Facile immaginare come la sconfitta sul campo per lui sia ancora più difficile da accettare. «Ci hanno fregato ancora!» è l’urlo sconcertato del radiocronista olandese Herman Kuiphof quando l’arbitro Taylor fischia la fine sul 2-1 in rimonta per la Germania Ovest. Dove quell’ “ancora” viene largamente interpretato come rimando non a un precedente calcistico, bensì all’occupazione del 1940, quando gli olandesi erano andati a dormire tranquilli, convinti che la Germania non li avrebbe invasi perché così aveva promesso. La guerra, appunto. Van Hanegem non riesce nemmeno a guardarli. Lascia il campo e non ci torna nemmeno per ritirare la medaglia del secondo posto, che lo prendano gli altri il premio per quest’altra beffa. Non vuole vicino nessuno, neanche il suo migliore amico e compagno di squadra nel Feyenoord Wim Jansen. Si arriva così all’uomo da solo in una stanza d’albergo, quello di Monaco che ospita l’Olanda campione del mondo, anzi no, perché dopo il rigore di Neeskens si è continuato a giocare. «Non mi interessa se abbiamo giocato bene, loro hanno ucciso la mia famiglia, li odio». Forse mai come questa sera, da solo in una stanza mentre da qualche parte i suoi compagni fraternizzano con i tedeschi (il banchetto ufficiale in realtà si trasforma in un clamoroso flop, ma questa è un’altra storia ancora). Potesse prenderlo a calci, probabilmente il suo risentimento disegnerebbe curve più belle dei suoi passaggi, sfonderebbe qualche rete.
Wim lo storto sarà pure stato lento e superato già nel 1973, ma nel 1975 l’Olympique Marsiglia è disposto a coprirlo di soldi pur di fargli vestire la sua maglia.
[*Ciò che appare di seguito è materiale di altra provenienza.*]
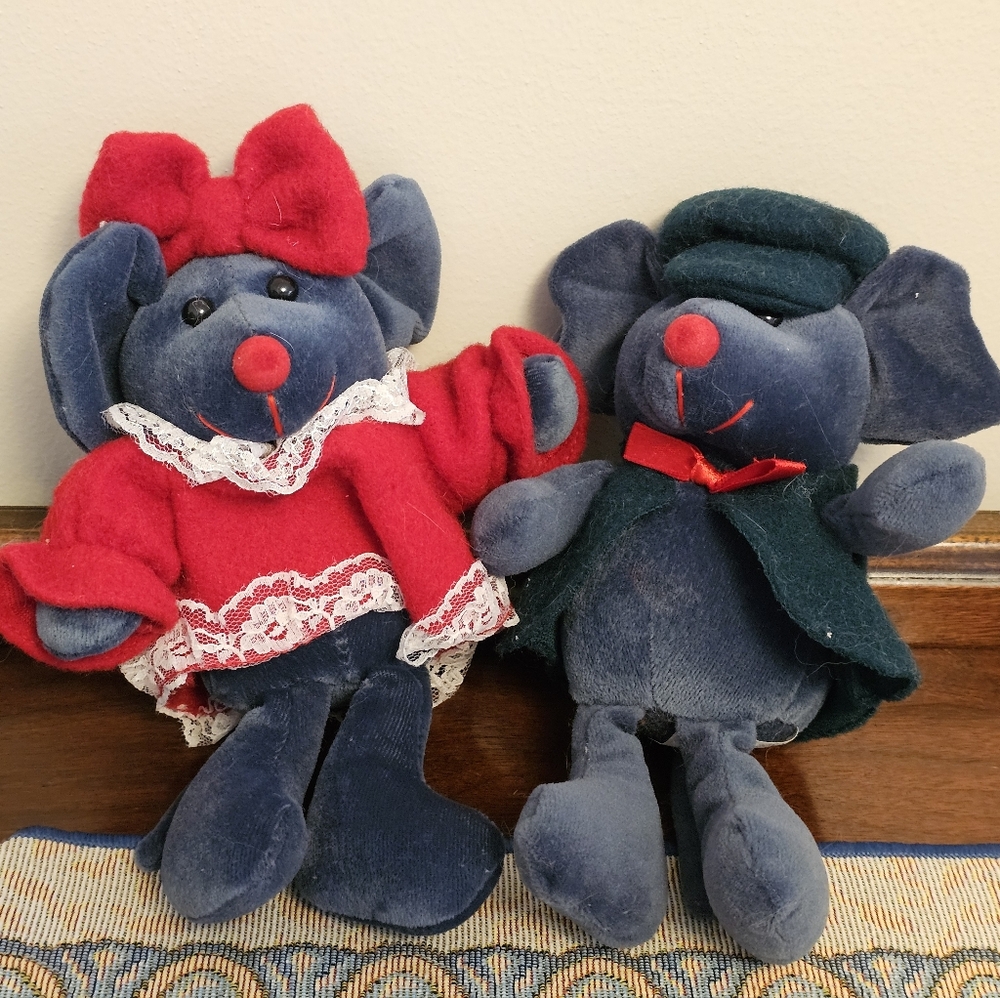 Vintage Set Of Two Plush Mouse Toys Christmas Holiday Decor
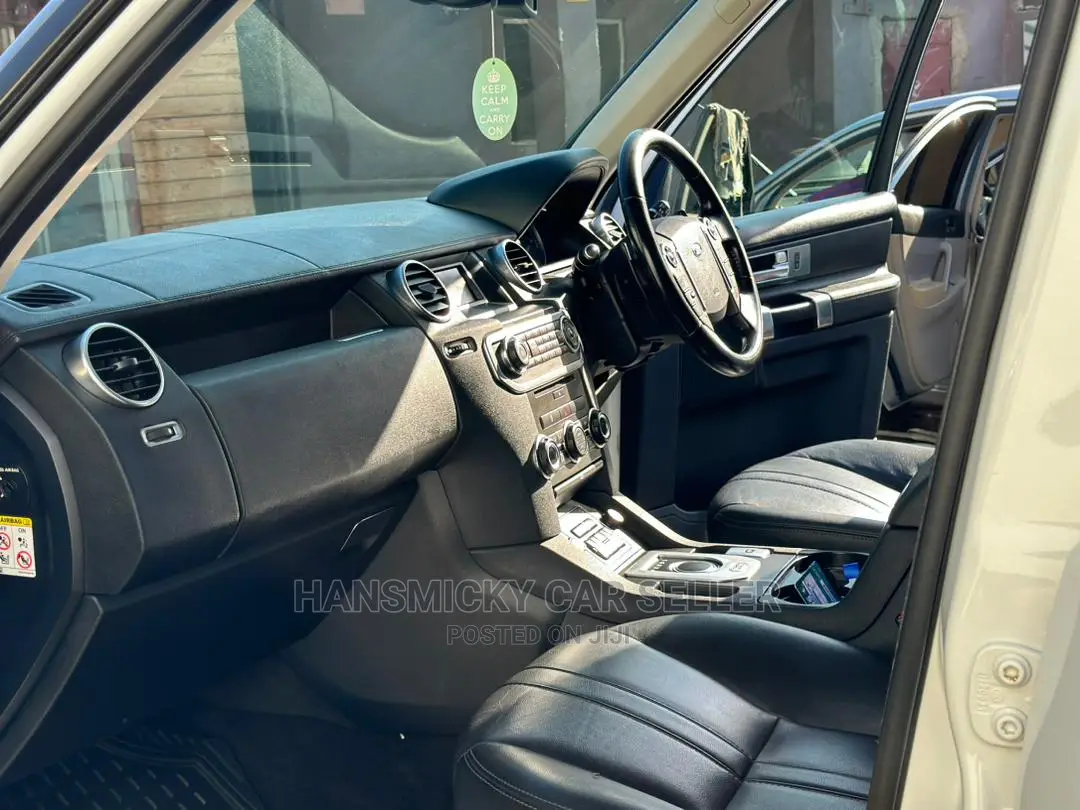 Land Rover Discovery 2014 White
Lui non sa che fare, allora se ne va a fare un picnic sull’isola di Zeeland con la moglie Truus, l’inseparabile Wim Jansen e sua moglie. Siccome non riesce ancora a decidersi, mette la questione ai voti: due sono per restare, due rimanere. Niente. Allora si volta verso il suo cane: «Dimmelo tu, che devo fare. Se vuoi che parta, abbaia o fammelo capire». Wim e il cane si fissano immobili per diversi secondi. L’animale non si muove. «Ok, restiamo», conclude lui. Ancora oggi per il Feyenoord e per Rotterdam Van Hanegem è una specie di bussola. Al De Kuip sono cambiati allenatori, stili di gioco e pure il grado di civiltà del tifo, ma quello che per Wim non è mai cambiato è l’ammirazione per i giocatori che come lui sanno riunire spirito guerriero e gusto per le giocate curvilinee, i cross, i cambi di campo – sarà per questo che il suo più recente pupillo calcistico è un terzino come Rick Karsdorp. Il gusto tutto olandese per certe giocate minimaliste, anche quello è rimasto. Oltre all’odio per i tedeschi, ovviamente.